Segment Start: Input data

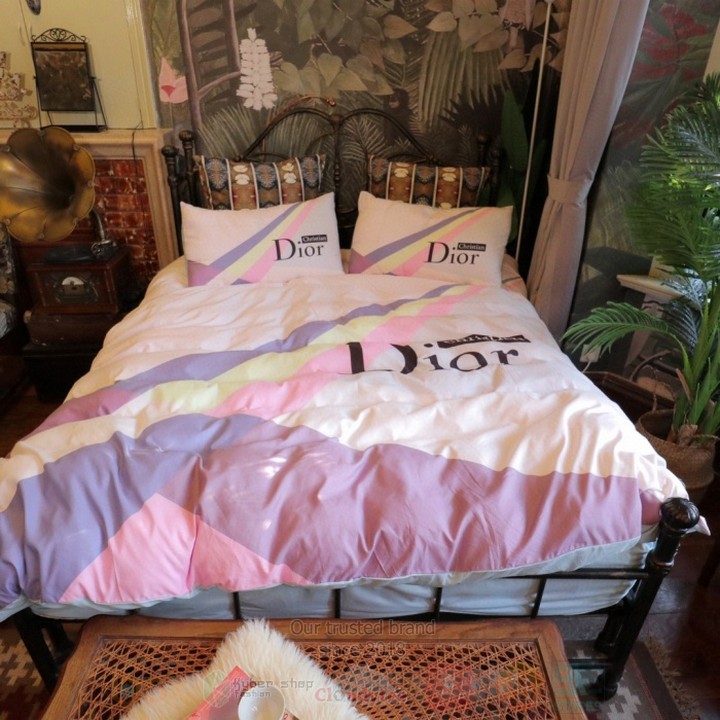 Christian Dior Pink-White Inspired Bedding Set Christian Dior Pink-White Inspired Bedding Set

Segment End: Input data
Segment Start: Input data

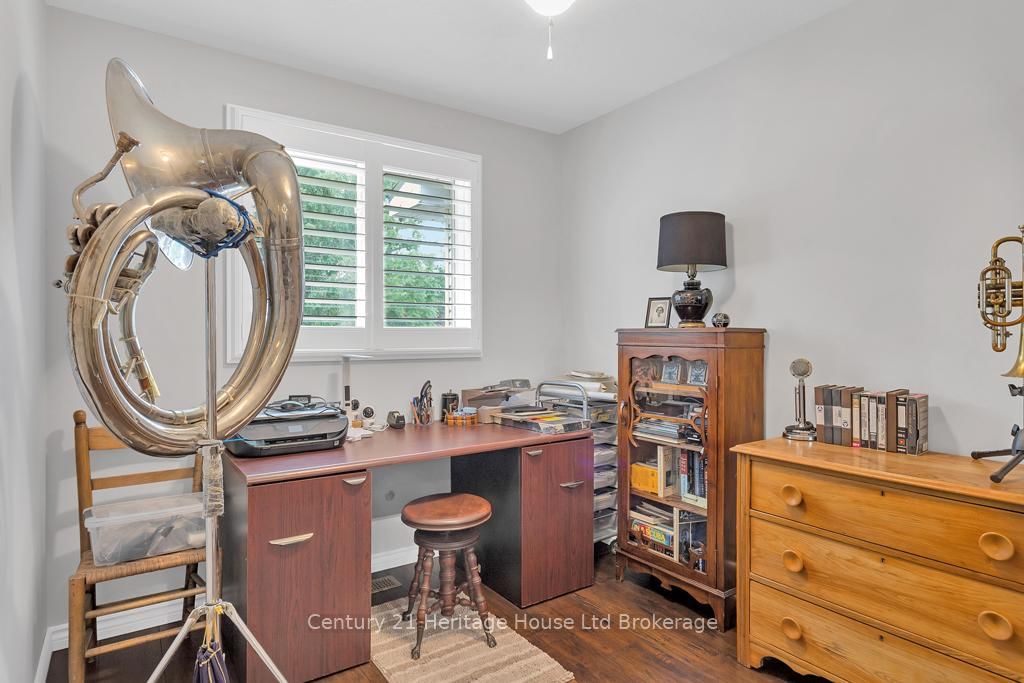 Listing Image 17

Segment End: Input data
Segment Start: Input data

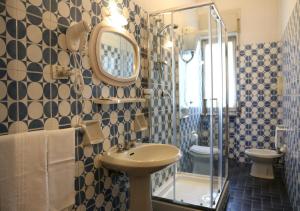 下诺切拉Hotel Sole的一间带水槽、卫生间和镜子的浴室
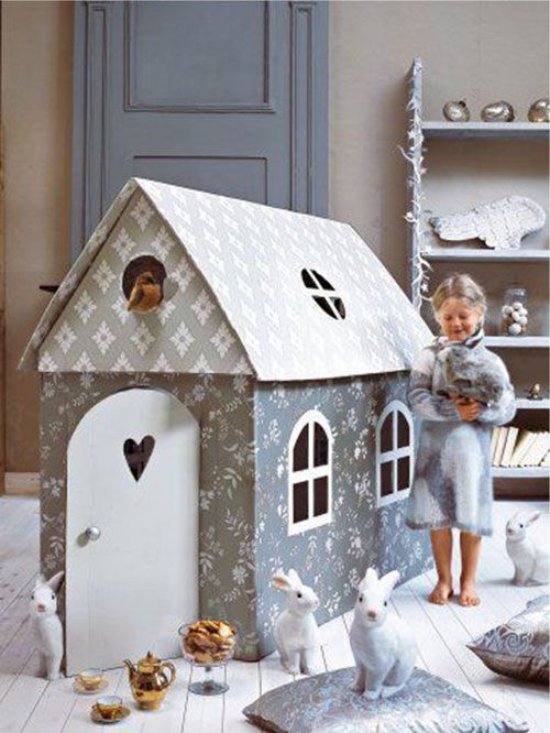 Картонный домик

Segment End: Input data

Description of the task - When copying from the data above, begin at the line containing "下诺切拉Hotel Sole的一间带水槽、卫生间和镜子的浴室" and end at the line containing "Картонный домик"; return those lines exactly and leave all pictures behind.

Task output -
 下诺切拉Hotel Sole的一间带水槽、卫生间和镜子的浴室
 Картонный домик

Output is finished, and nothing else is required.